El apuesto Neliudov era un libertino. Así lo calificaban nuestras damas, sin que él se molestase. Pertenecía a la buena sociedad, a una familia honorable; se comportaba siempre con la mayor corrección, y, a pesar de su inclinación a los placeres, era completamente inofensivo. En sus frágiles dedos llevaba varias gruesas sortijas; era bajito y de complexión delicada. En el ejercicio de su cargo se comportaba con extrema gravedad, pues tenía un alto concepto de su misión y de sus obligaciones. Tenía la especialidad de confundir a los asesinos y malhechores de baja estofa en sus interrogatorios y provocaba en ellos cierto estupor, ya que no respeto a su persona.

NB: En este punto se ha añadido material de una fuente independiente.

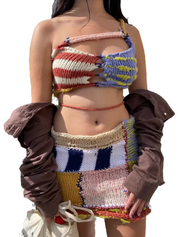 Asymmetrical Patchwork Set (XS-2XL)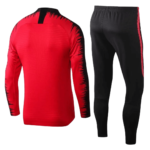 Conjunto de Treino PSG Jaqueta Vermelha+ Calça Preta 2018/19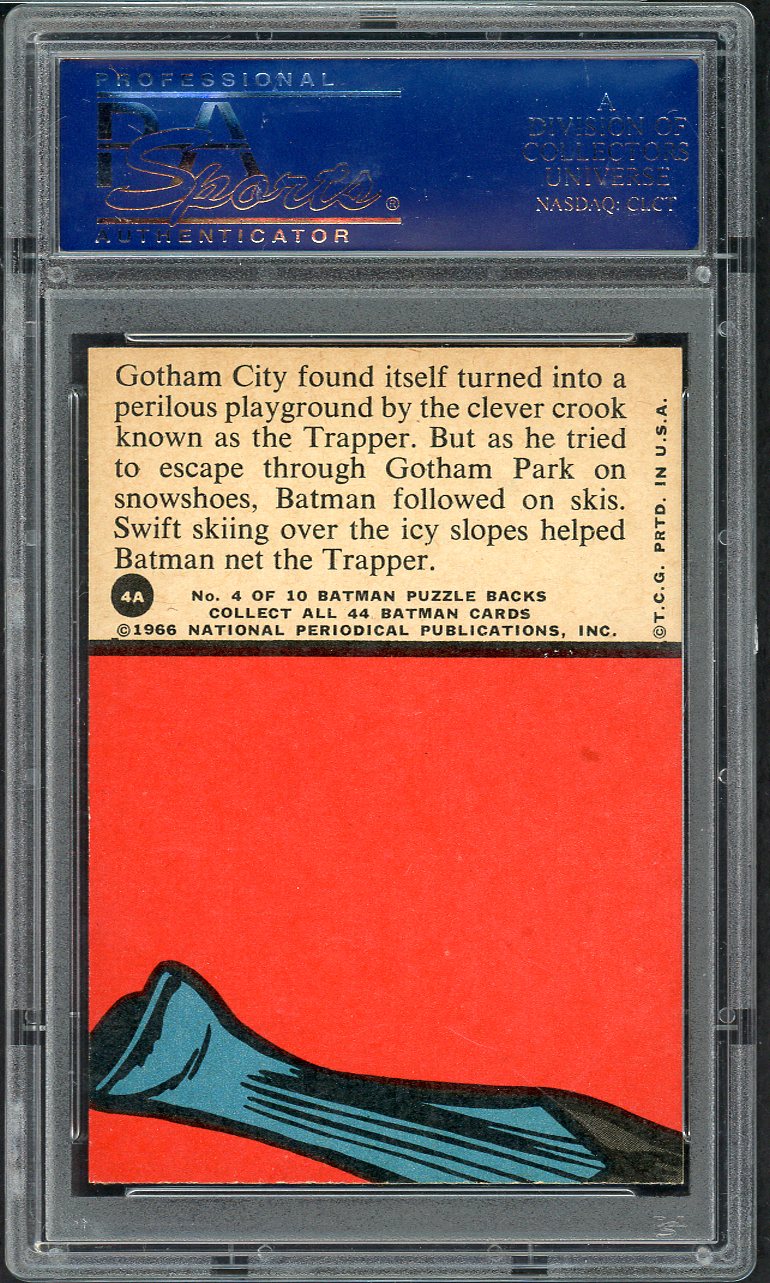 1966 Batman A Series #4A Target Of Trapper PSA 9 MINT oc 565153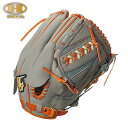 ハイゴールド 野球 グラブ 2025年モデル 真極シリーズ MKG3021 硬式グラブ 投手用 グレー×オレンジ 右投/左投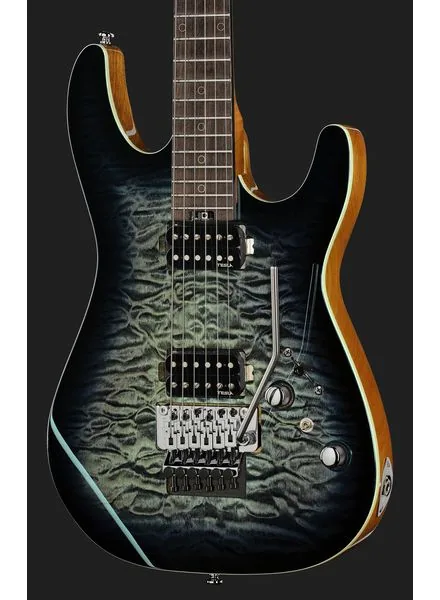 Harley Benton Fusion-IV HH RW FR QBLB, yksityiskohta 4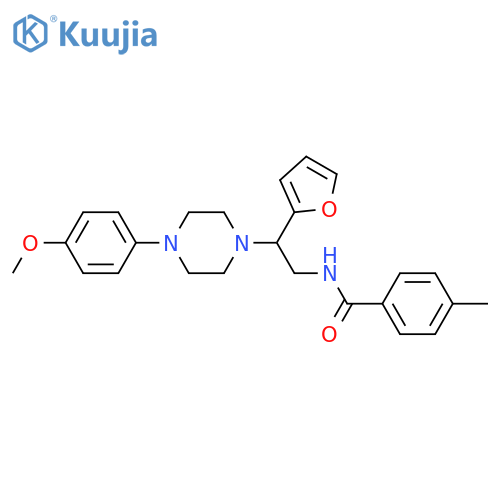 N-2-(furan-2-yl)-2-4-(4-methoxyphenyl)piperazin-1-ylethyl-4-methylbenzamide structure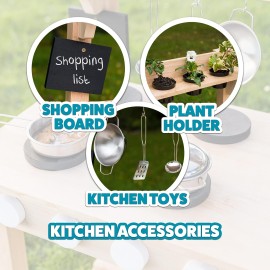 Waterproof Wooden Outdoor Eco-Friendly Playset with Cooking Toys Set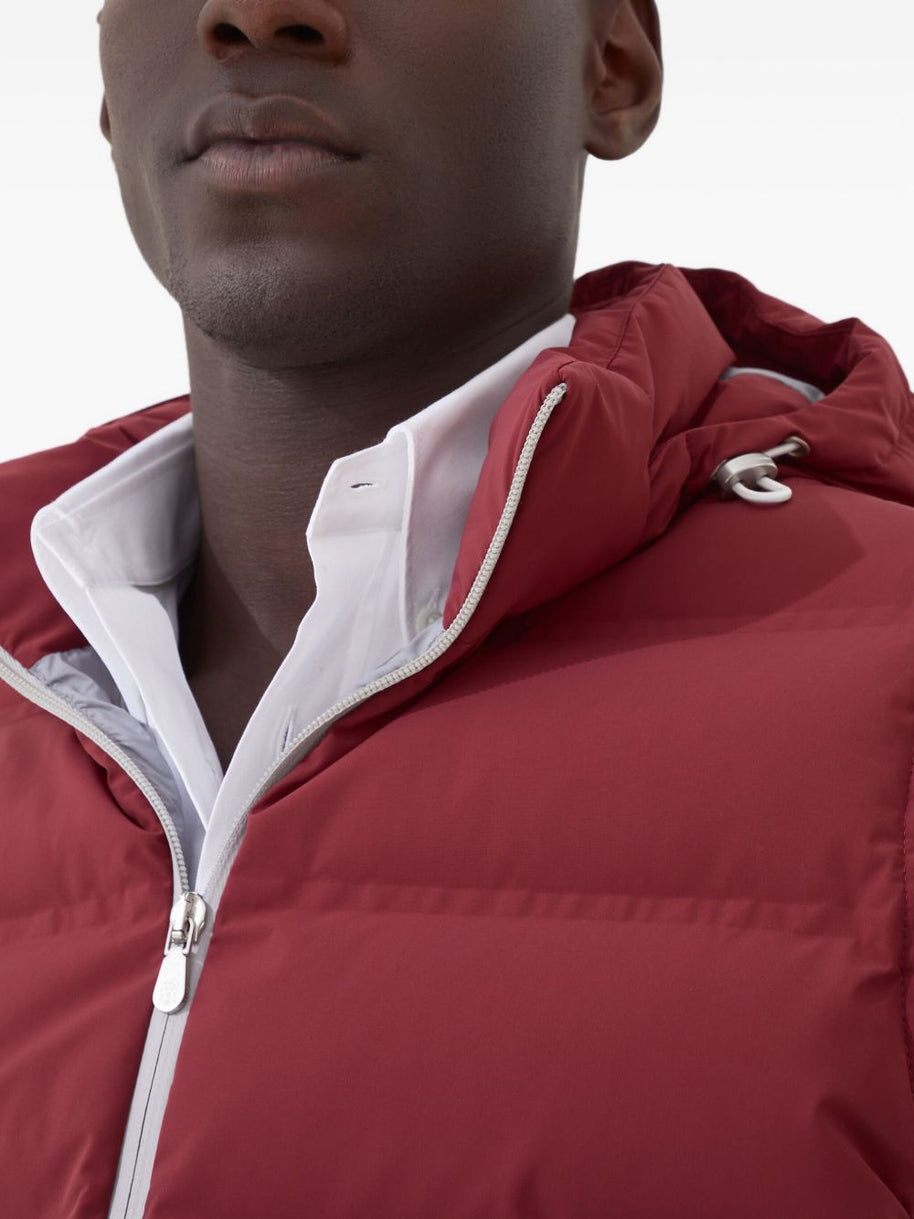 Brunello Cucinelli Down Vest - Red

Al llegar a casa del ispravnik, Piotr Ilitch advirtió que todo el mundo estaba al corriente de lo sucedido, lo que le sorprendió sobremanera. Se había suspendido el juego y se había entablado una discusión general sobre el suceso. Nicolás Parthenovitch mostraba una actitud belicosa. Piotr Ilitch se enteró, con profundo estupor, de que Fiodor Pavlovitch había sido asesinado aquella misma noche en su casa, asesinado y desvalijado. He aquí cómo se descubrió el trágico suceso.

Marta Ignatievna, la esposa de Grigori, se despertó de pronto de su profundo sueño, sin duda al oír los gritos de Smerdiakov, que se hallaba en la reducida habitación vecina. No había podido acostumbrarse a los gritos del epiléptico, aquellos gritos aterradores que precedían a los ataques. Todavía no despierta del todo, se levantó y entró en el cuarto de Smerdiakov. En la oscuridad, el enfermo respiraba penosamente y se debatía. Marta se asustó y llamó a su marido, pero en esto se acordó de que Grigori no estaba a su lado al despertar ella. Volvió a su habitación, tanteó el lecho y vio que estaba vacío. Corrió al soportal y llamó tímidamente a su esposo. La única respuesta que obtuvo fueron unos gemidos lejanos en el silencio de la noche. Aguzó el oído. Nuevos lamentos. Procedían del jardín... «¡Señor, parecen las quejas de Isabel Smerdiachtchaia!»

Bajó los escalones y vio que la puertecilla del jardín estaba abierta. «Por aquí debe de estar, el pobre.» Siguió avanzando y oyó claramente las llamadas de Grigori: «¡Marta, Marta!» Su voz era débil y estaba impregnada de dolor. «¡Ayúdame, Señor!», murmuró Marta Ignatievna mientras corría en busca de Grigori.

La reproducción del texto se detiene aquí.